● Brief descriptive captions
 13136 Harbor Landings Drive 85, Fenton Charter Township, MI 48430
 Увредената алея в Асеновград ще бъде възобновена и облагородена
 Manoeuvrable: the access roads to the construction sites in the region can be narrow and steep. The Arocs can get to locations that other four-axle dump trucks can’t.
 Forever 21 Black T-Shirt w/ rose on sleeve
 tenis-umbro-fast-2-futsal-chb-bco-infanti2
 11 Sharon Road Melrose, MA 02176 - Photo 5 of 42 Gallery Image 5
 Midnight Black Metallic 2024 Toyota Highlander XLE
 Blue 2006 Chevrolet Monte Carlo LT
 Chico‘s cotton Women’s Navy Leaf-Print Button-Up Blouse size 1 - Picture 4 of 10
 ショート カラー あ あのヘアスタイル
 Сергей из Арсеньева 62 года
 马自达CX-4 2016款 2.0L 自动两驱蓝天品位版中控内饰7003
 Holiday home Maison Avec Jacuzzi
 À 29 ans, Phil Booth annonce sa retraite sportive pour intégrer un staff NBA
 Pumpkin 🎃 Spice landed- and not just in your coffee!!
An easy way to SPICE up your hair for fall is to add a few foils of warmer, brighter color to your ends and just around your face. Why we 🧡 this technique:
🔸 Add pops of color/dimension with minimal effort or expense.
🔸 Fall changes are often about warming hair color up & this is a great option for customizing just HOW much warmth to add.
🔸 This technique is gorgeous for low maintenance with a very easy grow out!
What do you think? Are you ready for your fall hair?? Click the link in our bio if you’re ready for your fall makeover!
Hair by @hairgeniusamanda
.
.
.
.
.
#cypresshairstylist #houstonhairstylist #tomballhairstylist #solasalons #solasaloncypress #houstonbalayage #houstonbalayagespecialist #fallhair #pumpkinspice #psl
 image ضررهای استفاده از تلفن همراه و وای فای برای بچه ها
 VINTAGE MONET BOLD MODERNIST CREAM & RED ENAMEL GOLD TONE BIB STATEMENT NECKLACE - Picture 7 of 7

● TASK INSTRUCTIONS
For each line above that holds the string "Black", provide a copy of that line.

● RESULT OF THE EXERCISE
 Forever 21 Black T-Shirt w/ rose on sleeve
 Midnight Black Metallic 2024 Toyota Highlander XLE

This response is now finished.